Aksi jual beli ini sebenarnya bertentangan dengan aturan ritual Tak Bat. Umat harusnya memasak sendiri makanan yang akan diberikan pada biksu, bukan membeli jadi dari pedagang jalanan. Tetapi para turis rupanya ingin terlibat langsung dalam upacara keagamaan itu, mereka tak puas hanya menonton.

Turis menunggu biksu sambil berfoto-foto
Sekitar pukul 6 pagi, sudah mulai terlihat iring-iringan panjang para biksu yang berjalan dengan sikap meditasi, yaitu tidak berbicara dan melakukan kontak mata. Biksu senior berjalan paling depan, lalu diikuti biksu yang lebih muda di belakangnya. Semuanya harus membawa mangkuk yang nantinya akan terisi dengan makanan pemberian umat.

Iring-iringan biksu ini akan berjalan di depan orang-orang yang sudah menyiapkan sumbangan untuk mereka. Lalu tanpa berbicara sepatah kata pun, umat memasukkan sejumput makanan ke dalam mangkuk dan dilakukan terus-menerus sampai makanan yang mereka siapkan habis.

Namun suasana hikmat ini menjadi terganggu dengan keberadaan fotografer amatir yang mengambil foto dari jarak sangat dekat. Beberapa orang bahkan berani memotret biksu dengan jarak kurang dari satu meter menggunakan lampu kilat! Tanpa rasa bersalah, aksi itu dilakukan berulang kali dan tak ada satu orang pun yang menegur mereka.

Ritual agama yang kini jadi atraksi wisata
Karena kondisi ini, banyak warga lokal mulai enggan ikut serta dalam ritual Tak Bat, mereka menolak dijadikan tontotan. Para biksu juga sempat mengemukakan rencana mereka untuk menghentikan upacara ini lantaran perilaku wisatawan sudah sulit dikendalikan. Kalau itu benar-benar terlaksana, maka akan hilanglah ciri khas Luang Prabang yang paling unik itu.

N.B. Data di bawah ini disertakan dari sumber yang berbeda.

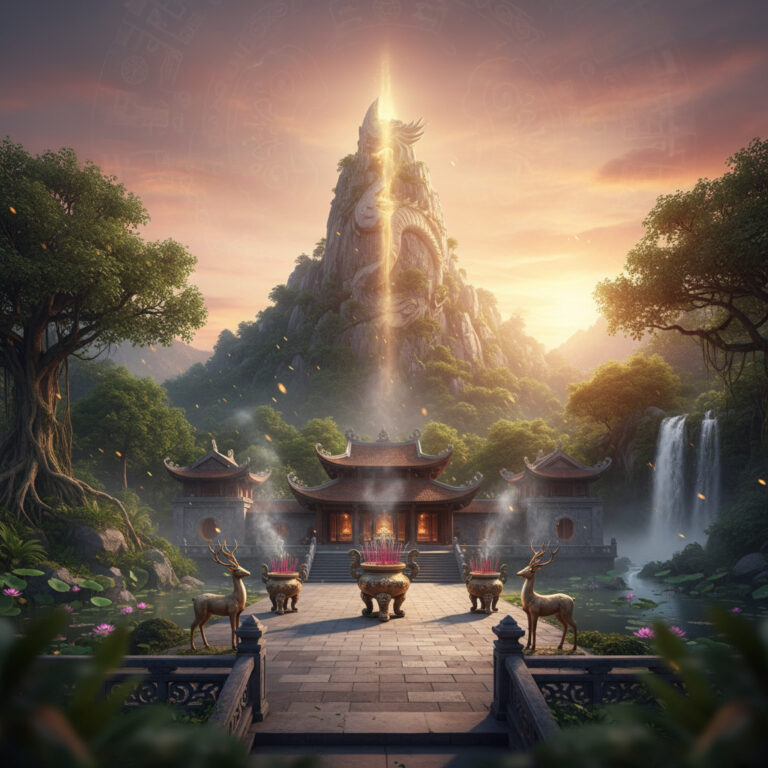 atr avatar 8716 1764493983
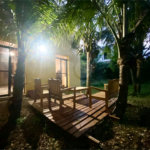 Casa para alugar com 4 suítes no condomínio Il Paradiso, Vinhedo - SP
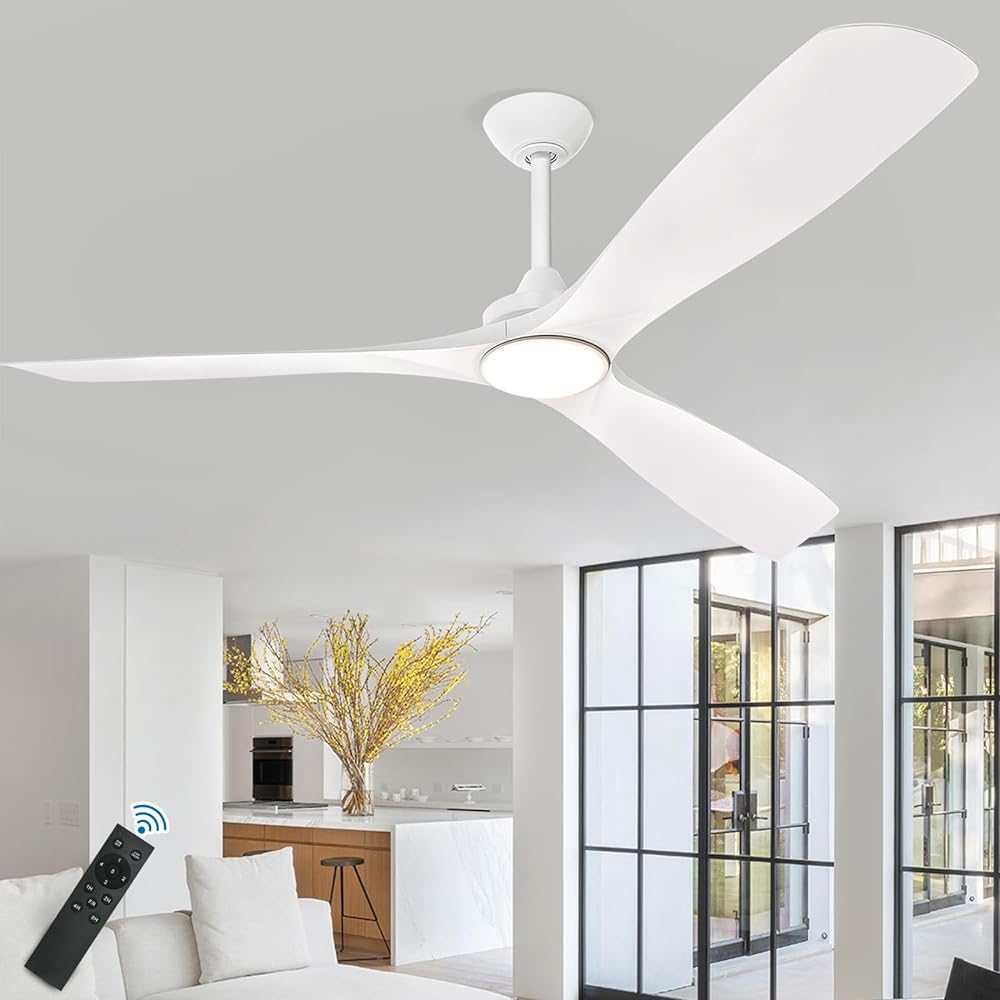 Large ceiling new arrivals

Ritual Tak Bat di Luang prabang saat ini terasa sudah lepas dari makna spiritualnya sebagai interaksi yang indah antara biksu dan umat.

Agaknya turis tak perlu ikut-ikutan memberi persembahan, mereka cukup melihat dari jauh saja. Biarkan ritual Tak Bat menjadi milik warga Luang Prabang!

Tak Bat, Ritual Pagi di Luang Prabang



Barisan panjang biksu berjubah warna jingga dan berjalan tanpa alas kaki, menjadi pemandangan menarik yang mengawali pagi hari di kota Luang Prabang, Laos utara. Para rohaniwan Buddha itu melakukan ritual Tak Bat, upacara pengumpulan sumbangan yang menjadi tradisi aliran Buddha Theravada sejak berabad-abad lalu. Sayangnya, kesakralan ritual ini mulai terganggu akibat ulah wisatawan.

Menurut kepercayaan Buddha Theravada, para biksu tidak diperkenankan bertani dan memasak makanan sendiri. Satu-satunya cara menunjang kelangsungan hidupnya adalah dengan mengumpulkan sumbangan dari umat berupa makanan atau terkadang uang. Para biksu makan sekali sehari lewat pemberian itu, lalu hanya minum air sampai keesokan pagi.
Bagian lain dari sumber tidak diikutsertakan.